> **Task statement**
In this exercise, return the whole listing exactly, excluding any images.

> **Dataset content**
-------

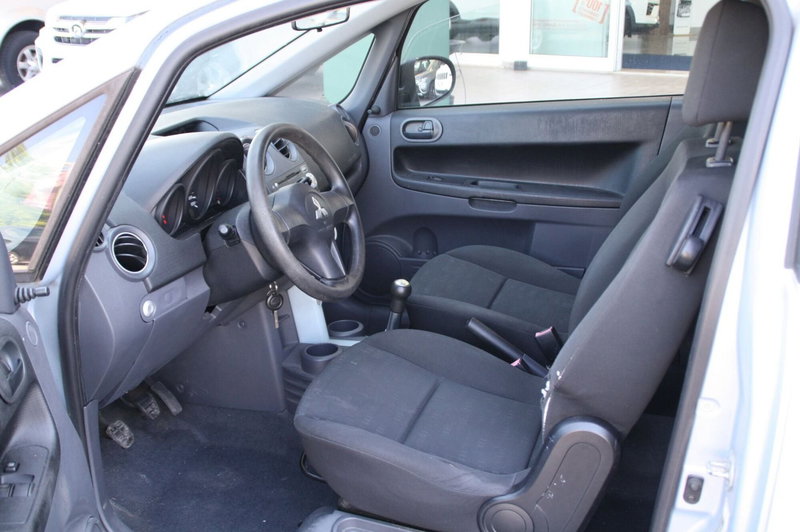 Mitsubishi Colt usata a Pordenone (9)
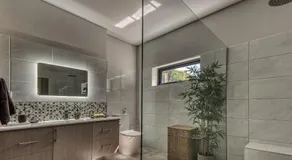 SALT Luxury Couples Villa - Image 2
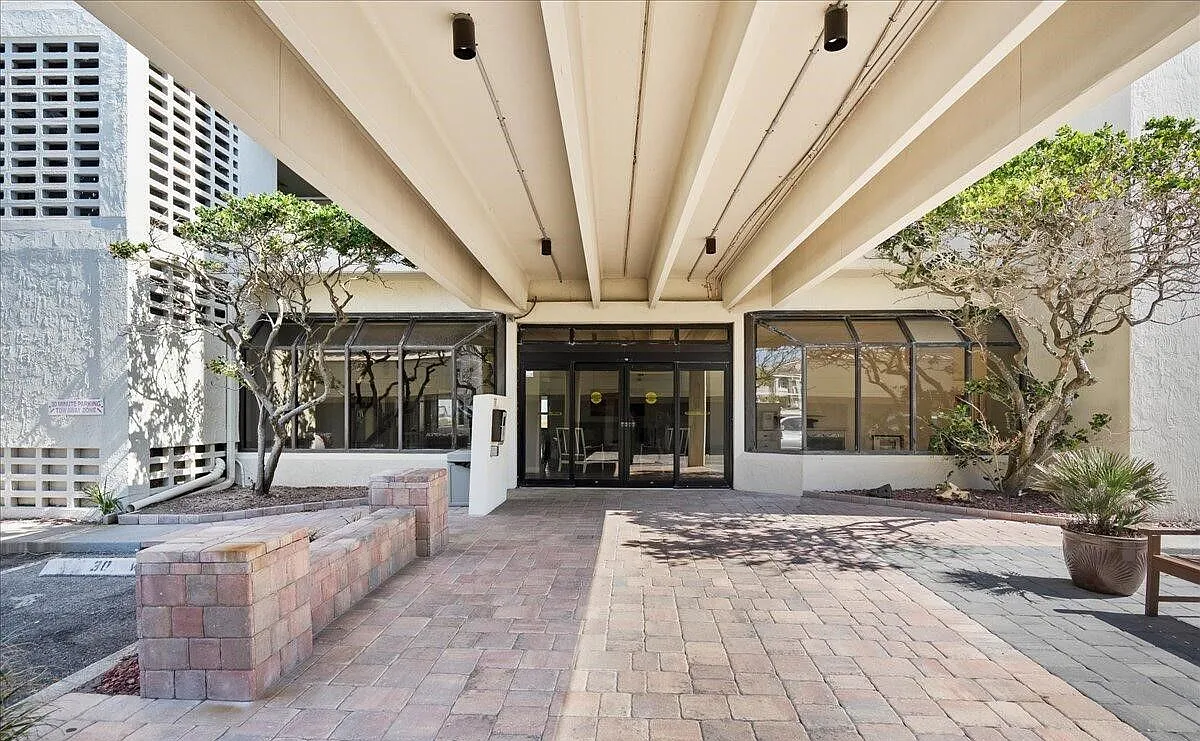 2 bed, 2.0 bath, 1212 sqft, $3,900 — Photo 3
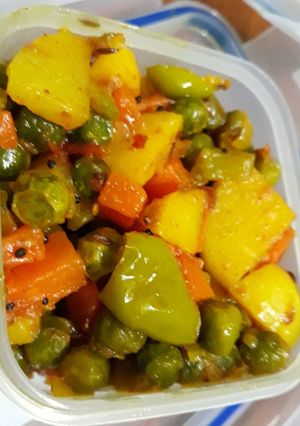 A picture of Mix vegetables dry curry.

-------

> **Output of the task**
 Mitsubishi Colt usata a Pordenone (9)
 SALT Luxury Couples Villa - Image 2
 2 bed, 2.0 bath, 1212 sqft, $3,900 — Photo 3
 A picture of Mix vegetables dry curry.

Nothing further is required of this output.